Relevant Biblical Passages

  • Amos 5:16-17 – What happens when the Lord “passes through” the people, according to these verses? Is it good news or bad for God to pass through? God is the subject of this verb, ëavar = “to pass,” only three times in Amos. Here the preposition following the verb is be = “in” or “among’; God passes among the people with disastrous results. The other two occurrences of this verb are in 7:8 and 8:2, both with a different preposition following them, le = “over” or “beyond.” More later about these two passages.
  • Amos 5:18-20 (“Woe!” Oracle #1) – If the Day of the Lord was a day of deliverance of Israel from its enemies, why has Amos turned the tables on Israel and made it a day of fear and disaster? How have expectations and reality come to differ so strongly? Why a day of darkness? With the help of a concordance, check out all the references in Amos to “day” and see what you discover. Why the creative imagery about lions, bears and snakes?
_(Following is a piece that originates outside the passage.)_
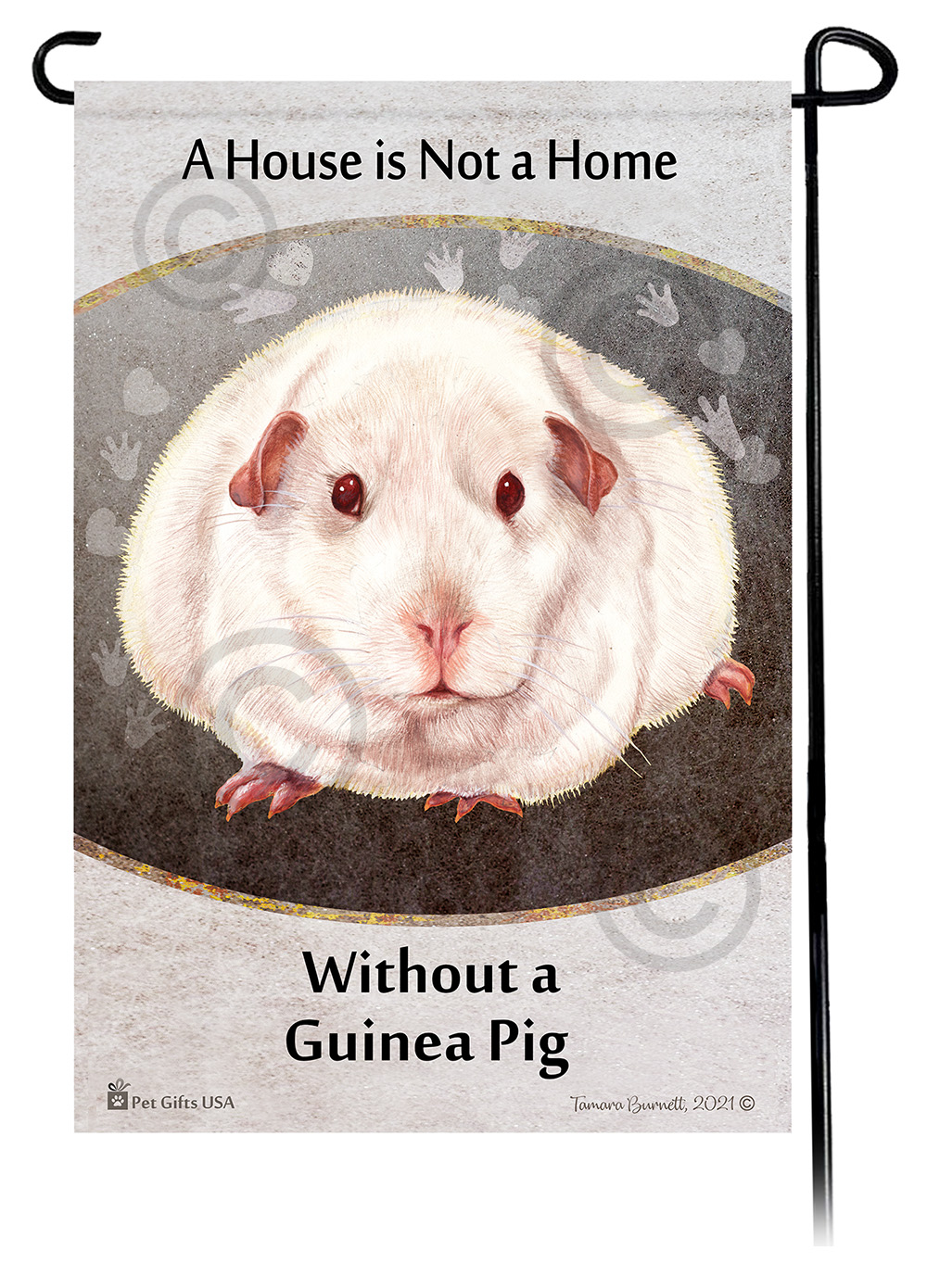 An image of the Guinea Pig Pink Eye White (Albino) A House Is Not A Home - Garden Flag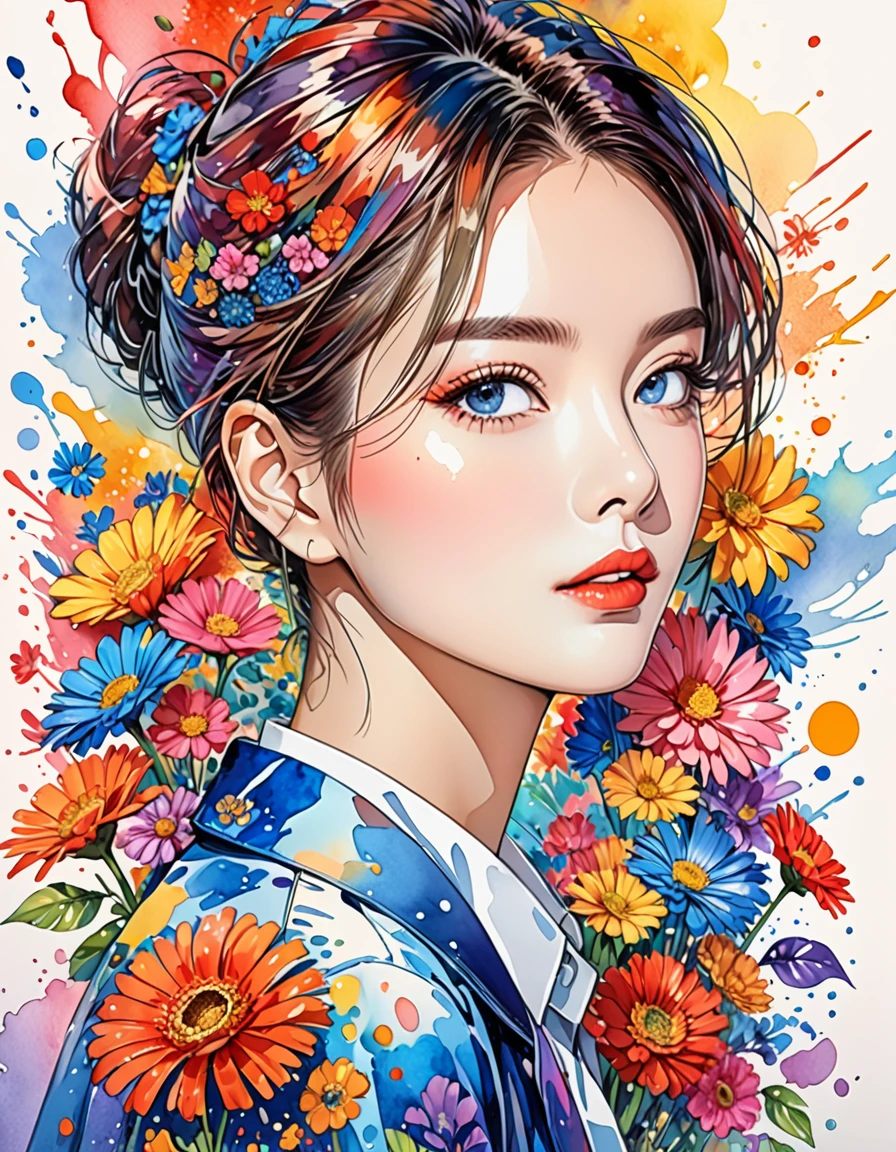 Hiromi Matsuo Style、(((stylish fashion))), 8K Quality、Intense watercolor, Detailed watercolor art, Watercolor splash, Surreal, avant-garde pop art, Beautiful and expressive paintings, Beautiful artwork illustration, Very colorful tones, wonderful, Cool beauty, highest quality、Official Art, Vector art, Stylish design, (((The most beautiful man))), (((highest quality))), HDR, ((detailed)), (((Doodle Art)), ((masterpiece)), ((Super detailed)), (((Colorful flowers))),(((Stylish)))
What impact would these have on a hopeful Israel?
  • Amos 5:21-23 / 24 / 25-27 – The worship practices mentioned in verses 21-23 are all approved in the Bible. What has tainted them? Why has God decided to turn his back on them? In what ways do how we relate to God and how we relate with our fellow human beings connect? What kinds of idolatry are involved in verses 25-27? At the center of good worship gone bad (21-23) and bad worship gone worse (25-27) lies verse 24. Does this verse with its call to social justice and righteousness say anything about Amos’ main point? Check out these two words in a good Bible dictionary.

Contributions to Study of Amos and the Bible

  • Are “Woe!” oracles good news or bad? As a warning? As a call to repentance? As a reminder that justice will come for the oppressed?

Lessons for Life

  • How do we balance the need in our lives for worship and ethics? Which takes precedence? Which places the greatest demands on us? Why?